-- Work item --
From the line that has "ChatGPT 광고가 연환산 10억 달러? 숫자와 한국 이용자 영향" down to the last line of the data below, set down every line exactly, but none of the pictures.

[Recorded data]
* * * * * * *
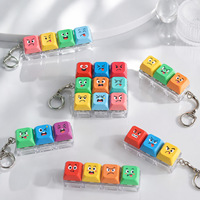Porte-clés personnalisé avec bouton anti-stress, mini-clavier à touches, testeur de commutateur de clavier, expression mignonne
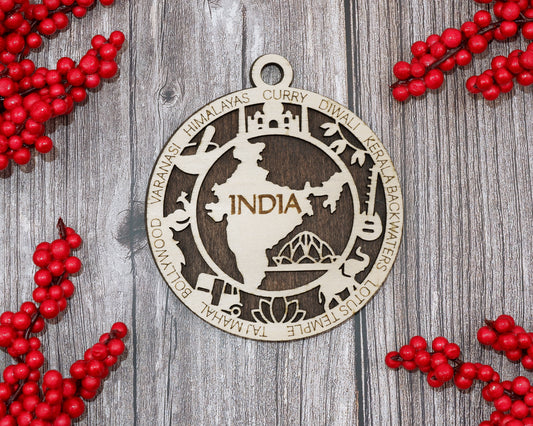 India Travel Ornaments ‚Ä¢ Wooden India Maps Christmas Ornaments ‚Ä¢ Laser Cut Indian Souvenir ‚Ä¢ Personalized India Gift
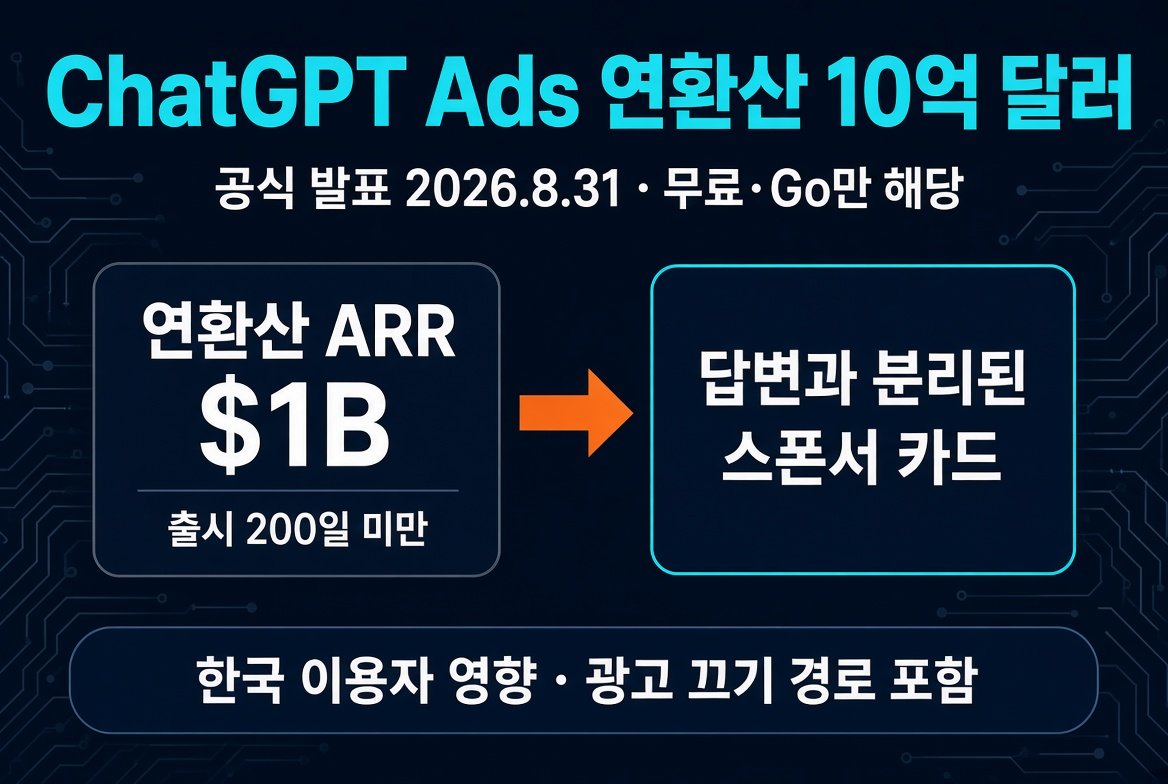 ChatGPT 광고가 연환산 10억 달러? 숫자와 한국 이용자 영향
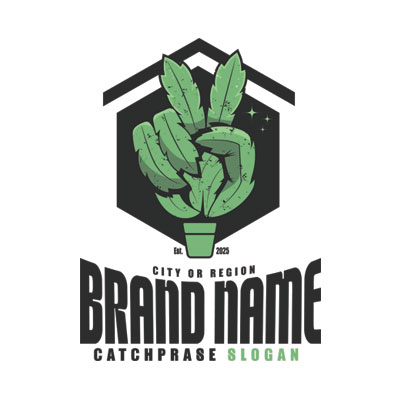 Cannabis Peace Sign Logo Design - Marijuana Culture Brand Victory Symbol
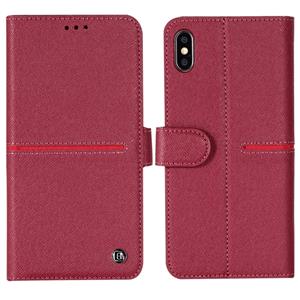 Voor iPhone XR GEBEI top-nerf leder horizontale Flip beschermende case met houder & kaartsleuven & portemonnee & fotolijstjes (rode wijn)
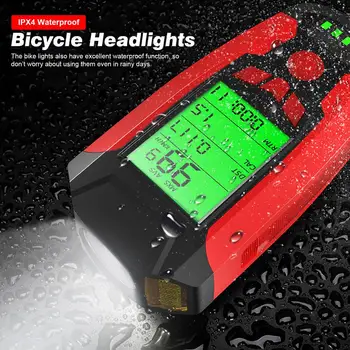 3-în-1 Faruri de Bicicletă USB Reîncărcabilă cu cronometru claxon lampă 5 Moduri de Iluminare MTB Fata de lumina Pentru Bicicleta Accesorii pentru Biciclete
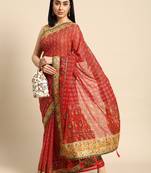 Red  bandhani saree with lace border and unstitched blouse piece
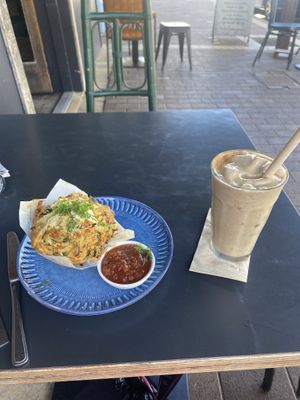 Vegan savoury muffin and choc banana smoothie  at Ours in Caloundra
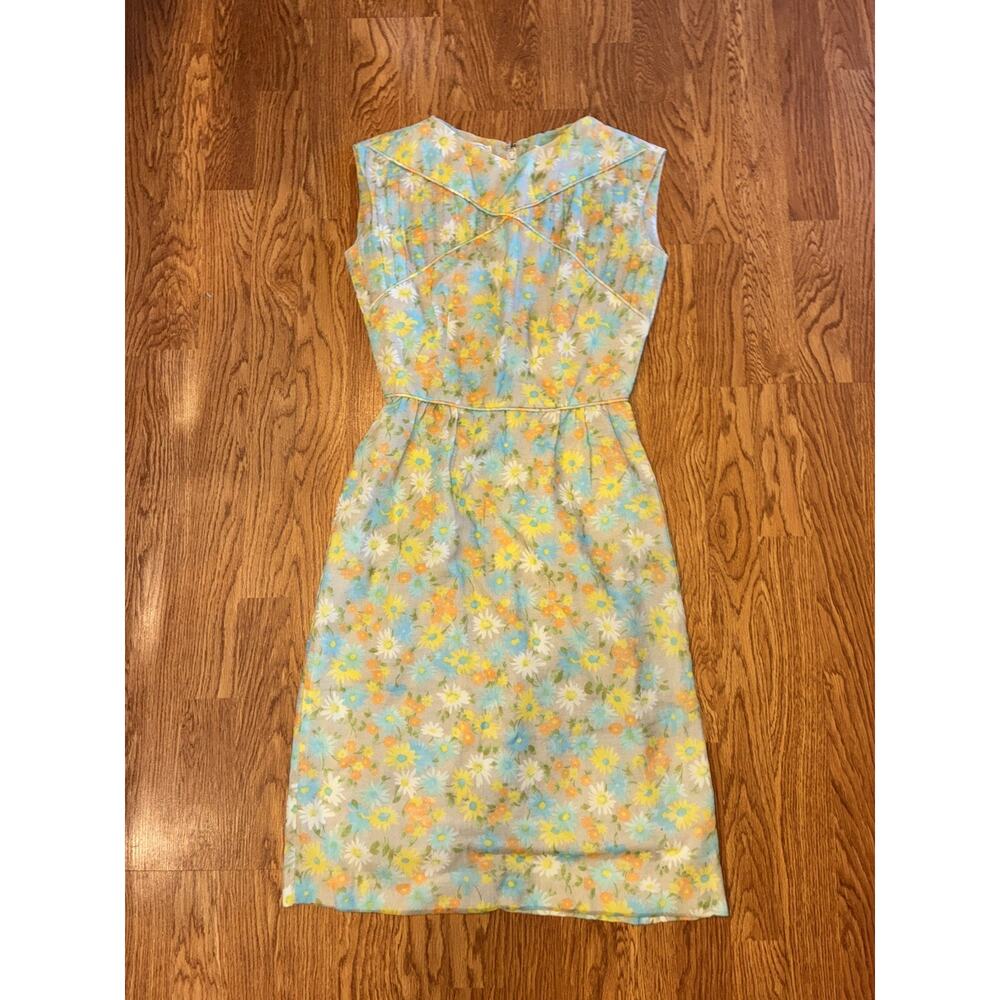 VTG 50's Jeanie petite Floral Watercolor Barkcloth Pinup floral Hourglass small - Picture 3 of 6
* * * * * * *
-- Task output --
 ChatGPT 광고가 연환산 10억 달러? 숫자와 한국 이용자 영향
 Cannabis Peace Sign Logo Design - Marijuana Culture Brand Victory Symbol
 Voor iPhone XR GEBEI top-nerf leder horizontale Flip beschermende case met houder & kaartsleuven & portemonnee & fotolijstjes (rode wijn)
 3-în-1 Faruri de Bicicletă USB Reîncărcabilă cu cronometru claxon lampă 5 Moduri de Iluminare MTB Fata de lumina Pentru Bicicleta Accesorii pentru Biciclete
 Red  bandhani saree with lace border and unstitched blouse piece
 Vegan savoury muffin and choc banana smoothie  at Ours in Caloundra
 VTG 50's Jeanie petite Floral Watercolor Barkcloth Pinup floral Hourglass small - Picture 3 of 6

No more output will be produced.